Um es klar zu sagen: Die Palästinenser haben ein Recht auf Selbstbestimmung, aber nicht à priori ein Recht auf einen vollwertigen souveränen Staat. Die Zwei-Staaten-Politik der EU erkennt die legitimen territorialen Rechte Israels in diesen Gebieten nicht an. Ein ausgehandelter Frieden sollte sowohl die palästinensischen als auch die israelischen Bedürfnisse berücksichtigen.  

Die Voraussetzungen für Frieden schaffen

Viertens: Anstatt die friedliche Zusammenarbeit zu fördern, verfestigen die EU-Interventionen zum Staatsaufbau vor Ort korrupte Autokratien und fördern den Extremismus. Dies geschieht, weil die EU-Unterstützung für palästinensische Institutionen die lokalen Machtstrukturen und die politische Kultur innerhalb der palästinensischen Gesellschaft ignoriert.
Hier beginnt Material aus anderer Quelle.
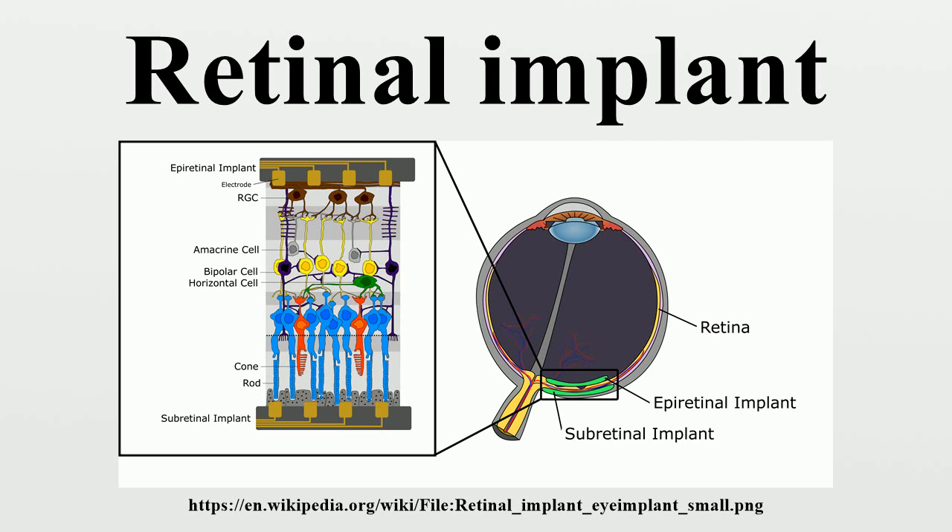Optobionics was the first company to develop a subretinal implant and evaluate the design in a clinical trial. Initial reports indicated that the implantation procedure was safe, and all subjects reported some perception of light and mild improvement in visual function. The current version of this device has been implanted in 10 patients, who have each reported improvements in the perception of visual details, including contrast, shape, and movement. Retina Implant AG in Germany has also developed a subretinal implant, which has undergone clinical testing in 9 patients.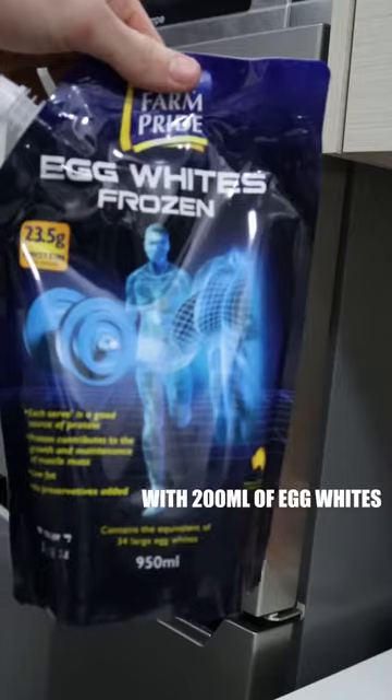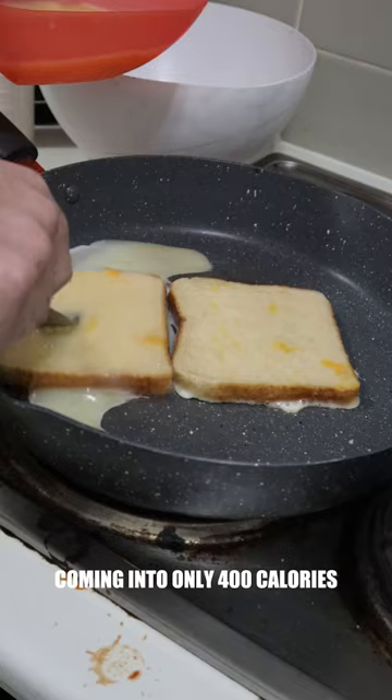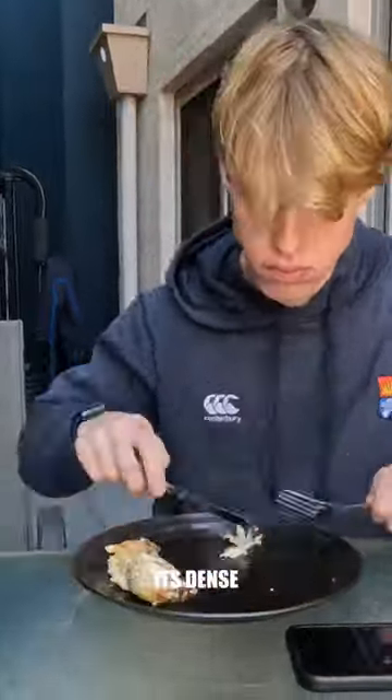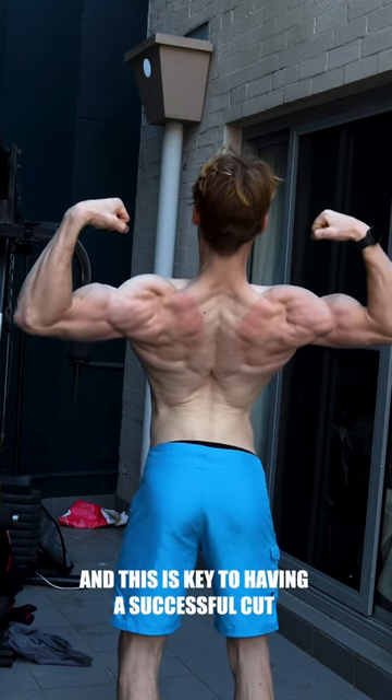It's high protein with 200ml of egg whites, one egg, and skim milk, so it's stacked. It's low calorie, coming in at only 400 calories, so it's the perfect breakfast or mid-afternoon snack. It's also dense — the egg whites keep you full for hours, and this is key for having a successful cut.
Die EU sollte darauf bestehen, dass langfristig palästinensische Institutionen aufgebaut werden, die gleiche Freiheit und Sicherheit für alle Bürger auf der Grundlage der Rechtsstaatlichkeit fördern. Ein solcher Ansatz steht im Einklang mit den EU-Werten der Menschenwürde, des Wohlstands, des regionalen Friedens und der Integration. Die EU sollte unter den Palästinensern nicht weiterhin denselben Extremismus und dieselbe Unterdrückung der Menschenrechte unterstützen, die die EU überall sonst ablehnt.

Daher sollte die europäische Finanzhilfe von der Erfüllung bestimmter Anforderungen in drei Hauptbereichen abhängig gemacht werden:

a) Pflege von Grundwerten, die die Rechtsstaatlichkeit und die bürgerlichen, religiösen und politischen Rechte aller schützen

b) Förderung der persönlichen Freiheit und Gleichheit (einschließlich der Akzeptanz von Juden als gleichberechtigte Mitglieder der Gesellschaft)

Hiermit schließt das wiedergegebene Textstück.